## [What to work on]
Your reply should contain the whole listing below, repeated exactly, and no images.

## [Supplied material]
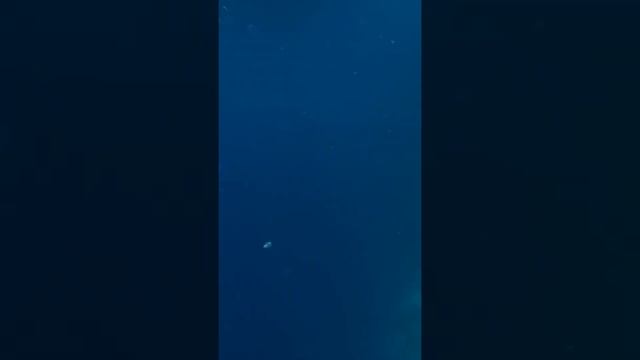 Египет 🇪🇬 2019, дайвинг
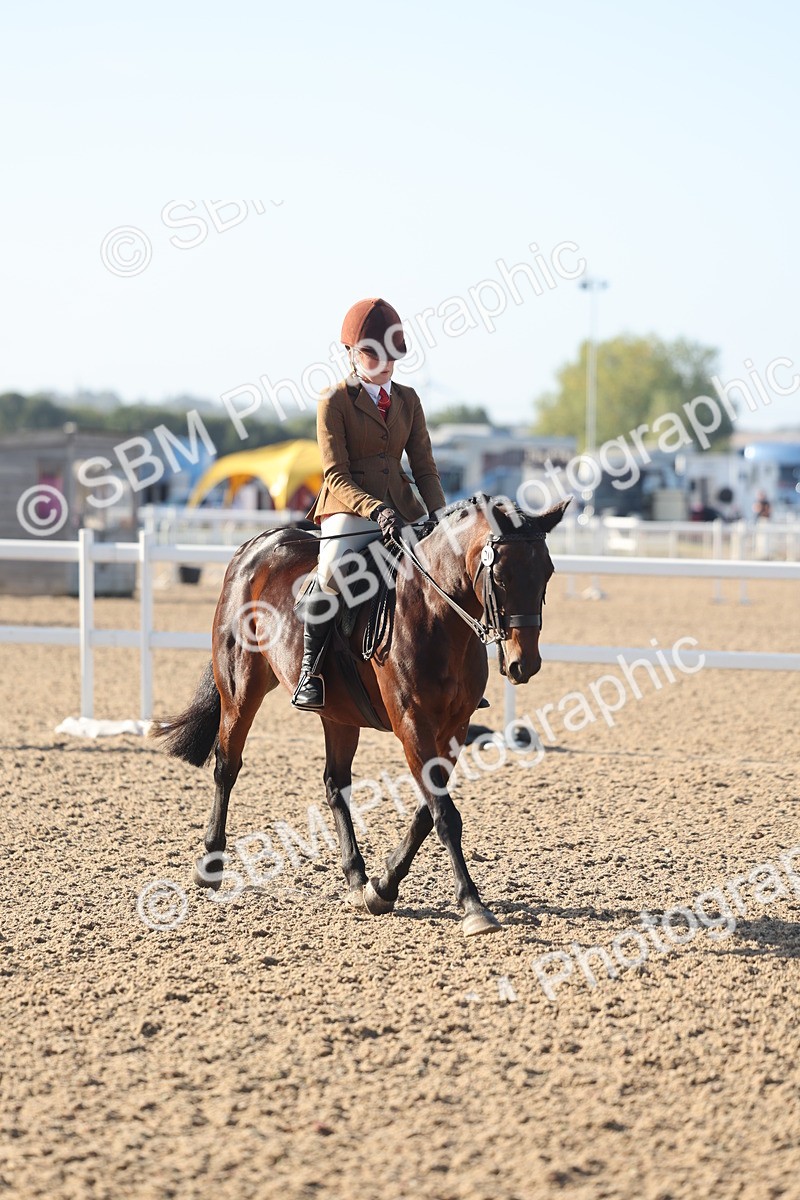 SBM_22121 - Class 801 - Ridden Veterans
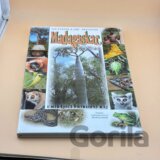 Madagaskar : umírající přírodní ráj
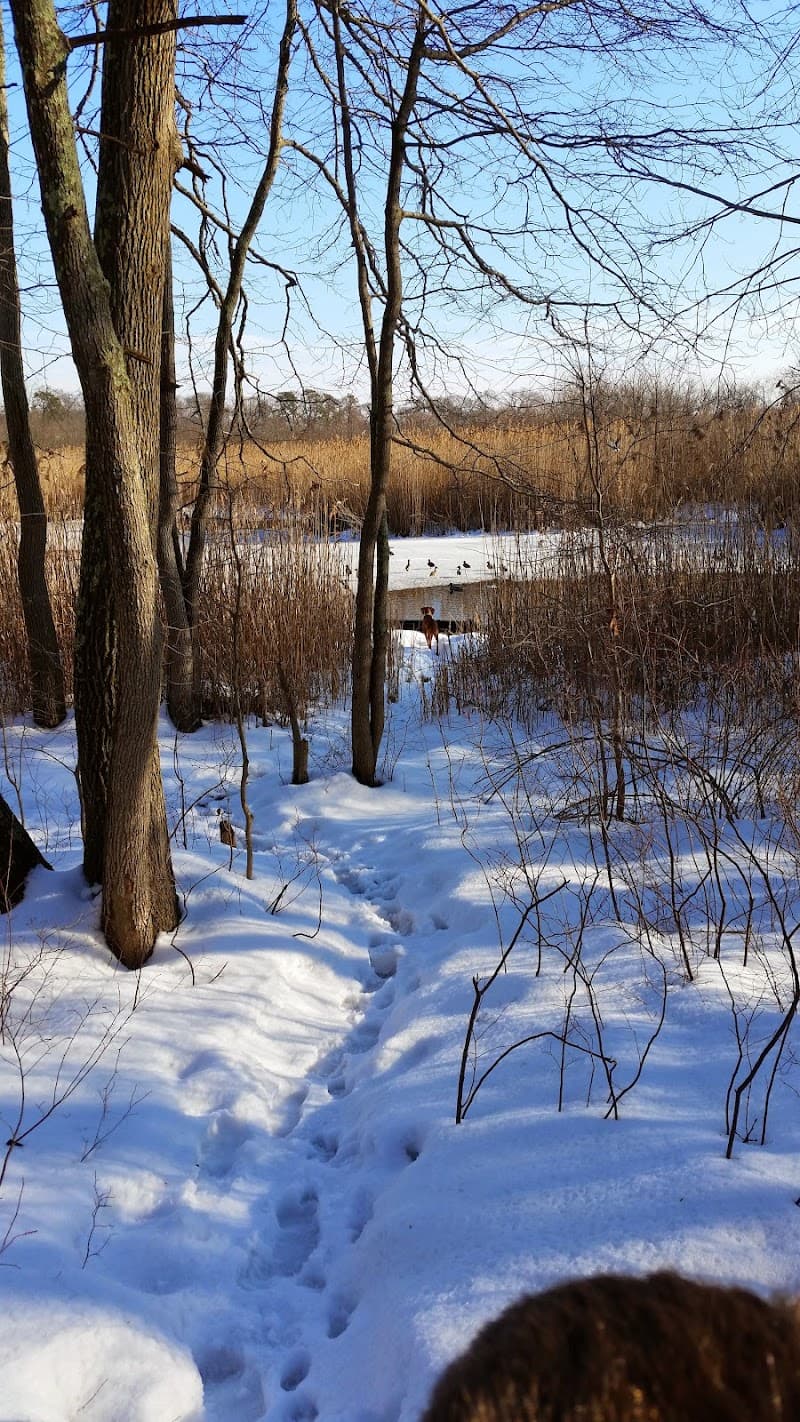Beauty Garden Ronkonkoma photo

## [Expected output]
 Египет 🇪🇬 2019, дайвинг
 SBM_22121 - Class 801 - Ridden Veterans
 Madagaskar : umírající přírodní ráj
Beauty Garden Ronkonkoma photo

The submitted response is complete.